Koulouba, le palais présidentiel malien. AFP
Koulouba, le palais présidentiel malien.
AFP

Depuis la proclamation des résultats de l’élection  présidentielle de 2013, c’est la ruée vers l’or. Nos politiques font le pied de grue devant la résidence du futur locataire de Koulouba.
A l’image de l’ADEMA, les partis politiques maliens sont en lambeaux. L’opportunisme  politique est passé par là. La résidence du « fama » de Sebenikoro, est devenue le lieu de pèlerinage prisé de nos leaders politiques. Et cela bien avant la proclamation des résultats définitifs de la cour constitutionnelle. Nos élites politiques sont, apparemment, plus préoccupées par la conservation de leurs privilèges que par autres choses. Après les crises que le Mali a traversées, l’on pensait que rien ne serait plus comme avant. Que nenni! C’était vraiment mal connaitre nos politiques. Une fois de plus, la politique du « ventre plein » risque d’avoir raison sur une alternance crédible au Mali. Tout le monde veut participer au banquet final. C’est ce qui expliquerait le ballet incessant des politiques devant le domicile d’IBK et le siège du RPM.

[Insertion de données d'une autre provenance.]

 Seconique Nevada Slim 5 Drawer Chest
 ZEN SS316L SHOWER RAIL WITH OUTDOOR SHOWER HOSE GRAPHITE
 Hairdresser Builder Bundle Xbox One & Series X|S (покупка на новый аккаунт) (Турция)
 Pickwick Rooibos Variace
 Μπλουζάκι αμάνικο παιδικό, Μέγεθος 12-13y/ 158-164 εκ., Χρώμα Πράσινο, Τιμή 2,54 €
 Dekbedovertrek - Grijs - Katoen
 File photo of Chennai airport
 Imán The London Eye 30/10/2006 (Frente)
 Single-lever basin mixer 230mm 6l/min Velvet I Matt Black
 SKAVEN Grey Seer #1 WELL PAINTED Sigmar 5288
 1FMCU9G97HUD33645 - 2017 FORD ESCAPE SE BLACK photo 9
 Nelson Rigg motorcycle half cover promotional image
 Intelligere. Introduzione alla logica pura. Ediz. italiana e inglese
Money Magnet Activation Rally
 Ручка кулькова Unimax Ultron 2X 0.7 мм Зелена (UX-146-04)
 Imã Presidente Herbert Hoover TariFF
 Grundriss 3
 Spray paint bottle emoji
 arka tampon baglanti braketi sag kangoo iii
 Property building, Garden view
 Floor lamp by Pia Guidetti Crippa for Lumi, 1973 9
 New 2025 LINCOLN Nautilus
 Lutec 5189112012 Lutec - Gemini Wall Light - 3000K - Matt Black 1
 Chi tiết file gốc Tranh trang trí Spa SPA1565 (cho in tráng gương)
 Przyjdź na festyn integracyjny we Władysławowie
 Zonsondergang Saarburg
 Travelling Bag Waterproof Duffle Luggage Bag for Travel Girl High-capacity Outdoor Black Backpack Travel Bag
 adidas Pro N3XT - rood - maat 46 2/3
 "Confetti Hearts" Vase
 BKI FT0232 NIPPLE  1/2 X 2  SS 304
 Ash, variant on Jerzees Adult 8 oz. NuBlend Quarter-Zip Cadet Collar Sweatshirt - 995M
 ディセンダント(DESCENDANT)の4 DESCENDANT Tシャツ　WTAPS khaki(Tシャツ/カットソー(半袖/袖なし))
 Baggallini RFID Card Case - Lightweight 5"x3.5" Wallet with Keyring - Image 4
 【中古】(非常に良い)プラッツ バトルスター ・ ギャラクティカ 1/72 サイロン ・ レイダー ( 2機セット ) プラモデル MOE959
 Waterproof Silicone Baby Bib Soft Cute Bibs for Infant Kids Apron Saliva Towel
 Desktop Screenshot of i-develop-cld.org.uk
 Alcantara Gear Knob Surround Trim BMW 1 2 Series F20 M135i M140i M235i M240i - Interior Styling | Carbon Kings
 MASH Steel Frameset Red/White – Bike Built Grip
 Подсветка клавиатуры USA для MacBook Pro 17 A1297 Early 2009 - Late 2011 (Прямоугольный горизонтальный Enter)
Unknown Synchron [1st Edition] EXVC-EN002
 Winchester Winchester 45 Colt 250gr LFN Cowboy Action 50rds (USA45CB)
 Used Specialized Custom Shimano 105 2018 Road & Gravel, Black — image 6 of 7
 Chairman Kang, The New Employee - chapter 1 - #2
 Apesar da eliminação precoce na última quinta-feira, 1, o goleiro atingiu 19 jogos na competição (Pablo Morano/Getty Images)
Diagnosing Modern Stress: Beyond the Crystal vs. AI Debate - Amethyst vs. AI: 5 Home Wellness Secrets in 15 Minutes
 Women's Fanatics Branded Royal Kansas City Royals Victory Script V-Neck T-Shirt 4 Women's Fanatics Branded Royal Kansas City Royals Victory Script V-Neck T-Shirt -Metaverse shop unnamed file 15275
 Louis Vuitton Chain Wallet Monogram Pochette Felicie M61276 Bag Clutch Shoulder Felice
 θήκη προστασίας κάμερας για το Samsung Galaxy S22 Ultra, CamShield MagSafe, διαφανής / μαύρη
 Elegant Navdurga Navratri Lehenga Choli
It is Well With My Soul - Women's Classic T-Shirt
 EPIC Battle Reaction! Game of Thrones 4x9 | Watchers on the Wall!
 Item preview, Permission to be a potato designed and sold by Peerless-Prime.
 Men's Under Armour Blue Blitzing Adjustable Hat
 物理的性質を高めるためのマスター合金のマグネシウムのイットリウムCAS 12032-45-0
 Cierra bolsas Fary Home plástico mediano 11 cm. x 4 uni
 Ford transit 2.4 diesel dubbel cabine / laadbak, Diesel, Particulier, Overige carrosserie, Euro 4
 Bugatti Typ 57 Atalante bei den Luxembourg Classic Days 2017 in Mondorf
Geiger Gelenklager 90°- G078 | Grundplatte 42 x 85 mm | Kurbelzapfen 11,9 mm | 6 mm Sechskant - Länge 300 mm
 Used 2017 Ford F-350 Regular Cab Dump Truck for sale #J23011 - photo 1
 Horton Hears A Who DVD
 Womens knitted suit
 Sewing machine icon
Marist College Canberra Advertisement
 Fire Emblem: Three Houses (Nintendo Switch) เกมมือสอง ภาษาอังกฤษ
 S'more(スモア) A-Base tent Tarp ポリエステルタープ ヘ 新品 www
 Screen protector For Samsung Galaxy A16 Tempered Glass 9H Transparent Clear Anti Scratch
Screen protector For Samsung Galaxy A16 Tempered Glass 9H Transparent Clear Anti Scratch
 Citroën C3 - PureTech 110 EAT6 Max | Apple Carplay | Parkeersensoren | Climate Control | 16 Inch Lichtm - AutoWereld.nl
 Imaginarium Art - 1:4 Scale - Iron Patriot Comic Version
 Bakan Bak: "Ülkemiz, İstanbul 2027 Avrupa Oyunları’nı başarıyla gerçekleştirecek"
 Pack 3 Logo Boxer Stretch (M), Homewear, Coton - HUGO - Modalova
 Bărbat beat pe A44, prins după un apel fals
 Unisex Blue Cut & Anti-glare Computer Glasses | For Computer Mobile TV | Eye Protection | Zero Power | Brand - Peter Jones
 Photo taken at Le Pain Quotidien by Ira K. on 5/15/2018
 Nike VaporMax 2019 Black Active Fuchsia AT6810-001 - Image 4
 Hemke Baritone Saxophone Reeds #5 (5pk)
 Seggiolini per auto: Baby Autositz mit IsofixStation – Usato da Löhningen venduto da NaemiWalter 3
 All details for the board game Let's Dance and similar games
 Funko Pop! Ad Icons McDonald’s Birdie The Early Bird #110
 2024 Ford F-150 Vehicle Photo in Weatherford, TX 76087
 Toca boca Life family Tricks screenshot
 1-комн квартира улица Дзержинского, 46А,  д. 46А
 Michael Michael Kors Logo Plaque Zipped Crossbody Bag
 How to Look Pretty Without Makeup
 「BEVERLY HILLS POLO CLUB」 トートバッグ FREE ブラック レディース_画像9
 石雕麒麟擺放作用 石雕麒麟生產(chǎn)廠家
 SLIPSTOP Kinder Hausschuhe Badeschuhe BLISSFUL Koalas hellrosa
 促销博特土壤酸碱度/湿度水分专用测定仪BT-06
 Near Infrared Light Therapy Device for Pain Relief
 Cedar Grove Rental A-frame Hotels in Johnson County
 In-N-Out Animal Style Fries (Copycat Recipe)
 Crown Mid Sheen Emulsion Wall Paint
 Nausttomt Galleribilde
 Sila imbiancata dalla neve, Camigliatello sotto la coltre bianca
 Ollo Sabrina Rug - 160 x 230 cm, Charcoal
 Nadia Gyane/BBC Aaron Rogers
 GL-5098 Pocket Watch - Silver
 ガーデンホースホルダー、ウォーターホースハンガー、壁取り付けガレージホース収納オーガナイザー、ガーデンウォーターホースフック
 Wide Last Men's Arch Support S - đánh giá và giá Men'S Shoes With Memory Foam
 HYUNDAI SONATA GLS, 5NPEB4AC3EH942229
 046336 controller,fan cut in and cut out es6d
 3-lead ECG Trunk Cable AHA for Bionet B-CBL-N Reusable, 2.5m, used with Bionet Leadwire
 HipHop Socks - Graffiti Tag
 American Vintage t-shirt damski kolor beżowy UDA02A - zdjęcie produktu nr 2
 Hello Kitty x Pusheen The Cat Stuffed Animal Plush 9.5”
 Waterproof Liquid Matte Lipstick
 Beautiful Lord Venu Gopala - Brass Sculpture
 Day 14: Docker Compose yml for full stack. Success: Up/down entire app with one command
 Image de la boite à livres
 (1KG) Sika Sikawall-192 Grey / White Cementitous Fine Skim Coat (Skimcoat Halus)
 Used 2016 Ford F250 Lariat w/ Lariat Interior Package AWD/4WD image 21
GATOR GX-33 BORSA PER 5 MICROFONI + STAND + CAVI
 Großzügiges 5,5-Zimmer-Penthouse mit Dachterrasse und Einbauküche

Au Mali, la politique ne serait que l’affaire d’individualités qui, au gré de leurs querelles et retrouvailles, sur le lit de leurs intérêts personnels, sacrifieraient volontiers l’alternance politique tant souhaité par le peuple malien. La classe politique malienne semble avoir une phobie d’être dans l’opposition. En effet, l’opportunisme politique et la quête des  avantages ont toujours hypothéqué l’émergence d’une opposition digne de nom chez nous. Cette image de nos hommes politiques est perçue et analysée par la population comme une attitude négative qu’elle condamne avec vigueur.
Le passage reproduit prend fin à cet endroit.